Le Festival de Cannes face aux guerres et aux massacres : l'info de l'histoire du 17 mai

Cannes et la guerre, c’est une longue histoire, puisque la naissance même du festival, qui devait voir le jour en 1939, a été entravée par l’éclatement de la Seconde Guerre mondiale. Il faut attendre 1946, et la paix retrouvée, pour que se tienne enfin la première édition. Et, cette année-là déjà, un film parlant de la guerre qui venait de s’achever est primé : Rome, ville ouverte, de Roberto Rossellini. On y vivait le drame de la Résistance et les exécutions sommaires des derniers jours de la guerre. Depuis, de grands films ont illustré le lien entre le festival et la guerre.

Le plus emblématique est Apocalypse Now, de Francis Ford Coppola, primé en 1979. C’était la deuxième Palme d'or pour ce réalisateur, qui livrait une vision de la guerre du Vietnam, absurde et sanglante. On se souvient de cette charge d’hélicoptères au son de La Chevauchée des Walkyries.

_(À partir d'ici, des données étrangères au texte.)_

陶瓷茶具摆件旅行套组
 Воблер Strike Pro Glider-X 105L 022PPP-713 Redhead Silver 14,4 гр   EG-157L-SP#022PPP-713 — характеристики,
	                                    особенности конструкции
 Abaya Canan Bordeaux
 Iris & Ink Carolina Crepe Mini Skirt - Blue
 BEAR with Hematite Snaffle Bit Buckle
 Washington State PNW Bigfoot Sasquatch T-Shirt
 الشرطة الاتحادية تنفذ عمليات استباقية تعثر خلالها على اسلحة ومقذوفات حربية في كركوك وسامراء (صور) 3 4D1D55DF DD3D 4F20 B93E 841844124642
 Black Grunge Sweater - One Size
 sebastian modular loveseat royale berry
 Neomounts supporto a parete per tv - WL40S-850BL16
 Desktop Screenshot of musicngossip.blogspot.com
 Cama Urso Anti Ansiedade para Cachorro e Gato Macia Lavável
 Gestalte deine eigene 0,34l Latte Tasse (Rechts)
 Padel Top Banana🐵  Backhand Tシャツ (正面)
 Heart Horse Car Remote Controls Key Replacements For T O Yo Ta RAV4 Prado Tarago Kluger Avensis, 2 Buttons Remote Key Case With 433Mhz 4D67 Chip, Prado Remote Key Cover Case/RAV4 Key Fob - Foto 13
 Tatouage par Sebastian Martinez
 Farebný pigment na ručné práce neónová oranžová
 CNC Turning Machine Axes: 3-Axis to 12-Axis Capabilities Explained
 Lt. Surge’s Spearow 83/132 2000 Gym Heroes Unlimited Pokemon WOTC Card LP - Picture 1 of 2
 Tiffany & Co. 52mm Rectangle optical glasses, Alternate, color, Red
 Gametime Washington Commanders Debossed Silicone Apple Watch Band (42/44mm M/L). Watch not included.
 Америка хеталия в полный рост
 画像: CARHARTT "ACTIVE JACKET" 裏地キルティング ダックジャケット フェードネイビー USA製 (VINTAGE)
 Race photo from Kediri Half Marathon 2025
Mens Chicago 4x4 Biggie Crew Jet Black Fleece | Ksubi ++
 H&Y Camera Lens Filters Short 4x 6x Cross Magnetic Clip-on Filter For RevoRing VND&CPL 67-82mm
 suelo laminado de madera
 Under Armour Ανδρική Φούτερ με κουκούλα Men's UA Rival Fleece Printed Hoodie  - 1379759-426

Ce chef-d'œuvre a fait l’objet d’un consensus.

Il n’en ira pas de même vingt ans plus tard pour Emir Kusturica et son film Underground. C’est une histoire à raconter en deux temps. D'abord celui du triomphe, quand Jeanne Moreau, présidente du jury, annonce son sacre. C'est, pour Kusturica aussi, une deuxième Palme d'or, après Papa est en voyage d’affaires (obtenue en 1985). Nous sommes le 29 mai 1995.

Mais dès le lendemain vient la deuxième étape : celle de la polémique. Le philosophe Alain Finkielkraut attaque le jury et le cinéaste. Il reproche au jury d'avoir été ému par le massacre de civils bosniaques à Tuzla le 25 mai, tout en primant un réalisateur qui soutient le gouvernement du dictateur serbe Milosevic, dont les troupes sont les auteurs du crime. Un autre philosophe, Bernard-Henri Lévy, reprend cette critique, bien qu'aucun des deux hommes n'ait encore vu le film. En octobre, Underground sort en salle, et Kusturica lance une violente charge contre les deux intellectuels, suivie d'une réponse non moins brutale de Finkielkraut.

Cette polémique illustre bien la sensibilité du festival – et du monde du cinéma – au contexte historique et aux massacres. Une réalité que nous pouvons encore constater aujourd'hui.